Aerospike Cross Datacenter Replication (XDR) for Real-time Mission Critical IoT Data Management

Shahed Mazumder
Global Director, Telco Solutions
September 22, 2022|8 min read

Aerospike’s Cross-Datacenter Replication (XDR) is a highly flexible and magical feature that enables real-time active-active data replication between geographically separated clusters.

In the context of IoT data management, it can eliminate the dependency between sensor data collection points (e.g. at tactical edge closer to the end devices) and data analysis point/s which can be either edge (same as collection point) or the core – an aggregation point of data coming from different edge sites.

The key value proposition of the XDR feature includes:

  • Ease of setup and use

  • Bi-directional filtering capability

  • Ultra-low latency operation

All of which make mission-critical IoT data management simple and efficient.

XDR – What it is and why Aerospike customers love it

The Aerospike XDR feature replicates data asynchronously between two or more clusters that are located at different, geographically distributed sites.

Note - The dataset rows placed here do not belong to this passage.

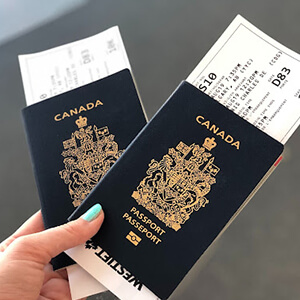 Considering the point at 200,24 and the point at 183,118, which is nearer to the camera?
the point at 183,118

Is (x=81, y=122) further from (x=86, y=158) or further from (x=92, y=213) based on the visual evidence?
(x=92, y=213)

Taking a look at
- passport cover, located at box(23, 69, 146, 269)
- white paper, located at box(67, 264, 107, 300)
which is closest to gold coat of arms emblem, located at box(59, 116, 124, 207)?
passport cover, located at box(23, 69, 146, 269)

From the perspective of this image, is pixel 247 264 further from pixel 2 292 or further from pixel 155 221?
pixel 2 292

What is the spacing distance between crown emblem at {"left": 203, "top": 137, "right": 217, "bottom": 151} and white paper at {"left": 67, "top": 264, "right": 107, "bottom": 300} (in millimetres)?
266

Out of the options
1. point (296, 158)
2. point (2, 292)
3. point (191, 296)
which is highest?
point (296, 158)

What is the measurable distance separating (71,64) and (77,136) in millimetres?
172

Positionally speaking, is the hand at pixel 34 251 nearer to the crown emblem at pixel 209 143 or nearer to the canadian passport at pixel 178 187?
the canadian passport at pixel 178 187

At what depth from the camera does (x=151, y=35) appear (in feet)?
2.40

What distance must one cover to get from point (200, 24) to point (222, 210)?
1.22 ft

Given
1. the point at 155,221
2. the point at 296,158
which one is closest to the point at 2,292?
the point at 155,221

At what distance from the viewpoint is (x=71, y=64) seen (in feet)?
2.38

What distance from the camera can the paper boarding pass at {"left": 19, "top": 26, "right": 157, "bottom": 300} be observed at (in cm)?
71

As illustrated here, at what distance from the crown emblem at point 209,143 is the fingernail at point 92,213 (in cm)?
18

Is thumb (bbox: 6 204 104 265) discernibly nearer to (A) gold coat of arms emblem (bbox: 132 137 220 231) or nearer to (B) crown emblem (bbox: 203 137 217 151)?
(A) gold coat of arms emblem (bbox: 132 137 220 231) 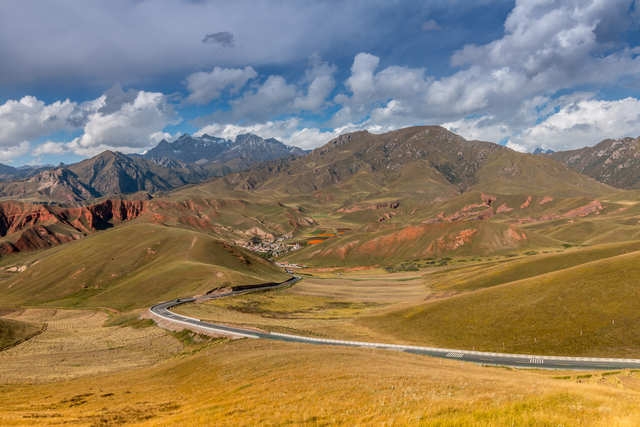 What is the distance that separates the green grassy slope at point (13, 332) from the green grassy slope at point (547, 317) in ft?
252

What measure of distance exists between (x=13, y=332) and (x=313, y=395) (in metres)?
91.2

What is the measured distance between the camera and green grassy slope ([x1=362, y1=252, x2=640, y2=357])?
2386 inches

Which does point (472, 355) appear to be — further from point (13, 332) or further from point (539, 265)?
point (13, 332)

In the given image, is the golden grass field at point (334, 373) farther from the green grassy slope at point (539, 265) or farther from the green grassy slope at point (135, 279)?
the green grassy slope at point (135, 279)

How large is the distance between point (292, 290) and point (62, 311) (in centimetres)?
8264

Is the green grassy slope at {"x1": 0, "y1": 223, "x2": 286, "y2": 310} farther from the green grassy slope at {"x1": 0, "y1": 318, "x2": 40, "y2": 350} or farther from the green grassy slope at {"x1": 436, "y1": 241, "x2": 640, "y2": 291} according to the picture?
the green grassy slope at {"x1": 436, "y1": 241, "x2": 640, "y2": 291}

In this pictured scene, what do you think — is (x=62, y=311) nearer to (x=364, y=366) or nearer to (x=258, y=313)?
(x=258, y=313)

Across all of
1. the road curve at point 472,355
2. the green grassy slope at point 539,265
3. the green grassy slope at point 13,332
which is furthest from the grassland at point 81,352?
the green grassy slope at point 539,265

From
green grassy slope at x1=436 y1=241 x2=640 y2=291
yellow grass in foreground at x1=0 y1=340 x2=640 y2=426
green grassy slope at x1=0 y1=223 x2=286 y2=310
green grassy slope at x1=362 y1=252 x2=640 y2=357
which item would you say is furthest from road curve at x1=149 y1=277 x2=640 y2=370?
green grassy slope at x1=0 y1=223 x2=286 y2=310

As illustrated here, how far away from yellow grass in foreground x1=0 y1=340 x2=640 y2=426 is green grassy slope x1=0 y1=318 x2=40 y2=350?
45849 millimetres

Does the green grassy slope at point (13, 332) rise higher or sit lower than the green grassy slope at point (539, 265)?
higher

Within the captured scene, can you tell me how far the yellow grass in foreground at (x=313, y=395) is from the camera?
18.4m

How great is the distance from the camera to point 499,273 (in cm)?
12338

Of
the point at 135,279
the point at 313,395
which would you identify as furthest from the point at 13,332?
the point at 313,395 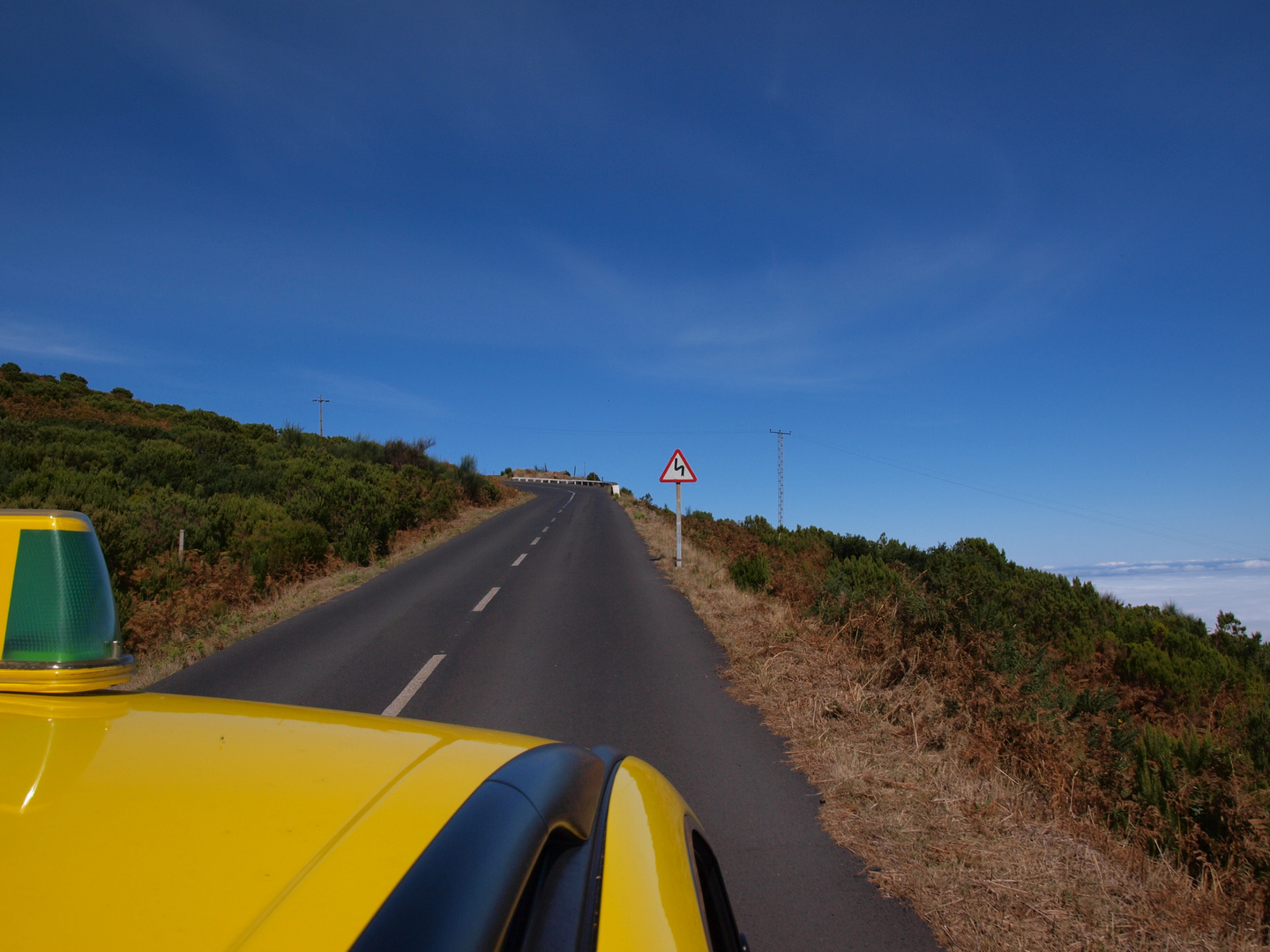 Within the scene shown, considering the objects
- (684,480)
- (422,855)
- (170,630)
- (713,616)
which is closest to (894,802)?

Here, a site can refer to a physical rack in a data center, an entire data center, an availability zone in a cloud region, or a cloud region itself.

XDR’s different deployment topologies include one-way shipping cluster configuration, two-way shipping cluster configuration, and three-way shipping cluster configuration as detailed here.


Now, let’s look at what XDR brings to the table.

XDR makes data management simple

Cross-datacenter replication enables dynamic data center addition and configuration – the process of adding/configuring new data centers to the cluster is dynamic and can be performed while the remote clusters are running.

With record shipping based on Last Update Time (LUT), XDR allows data center resynchronizing starting at a user-specified point in time.

Last but not least, by utilizing a connector linked to Aerospike’s change notification mechanism, XDR facilitates data transfer to non-Aerospike data repositories (e.g. ERP, CRM, and inventory data).

XDR is very efficient

Dynamic, fine-grain data control with selective shipment of record components makes XDR very efficient.

Cross-datacenter replication can be configured to ship only the changes to sub-parts (bins) of a record.

Additionally, expressions can be used for filtering updates and inserts and applied to individual records being shipped. Importantly, this can be set up bidirectional – thus making the feature more powerful.

As a direct benefit, this saves on precious network connection costs between sites. This also helps enterprises to comply with global and local data privacy regulatory requirements by allowing control over what data attributes go out vs. what stays in.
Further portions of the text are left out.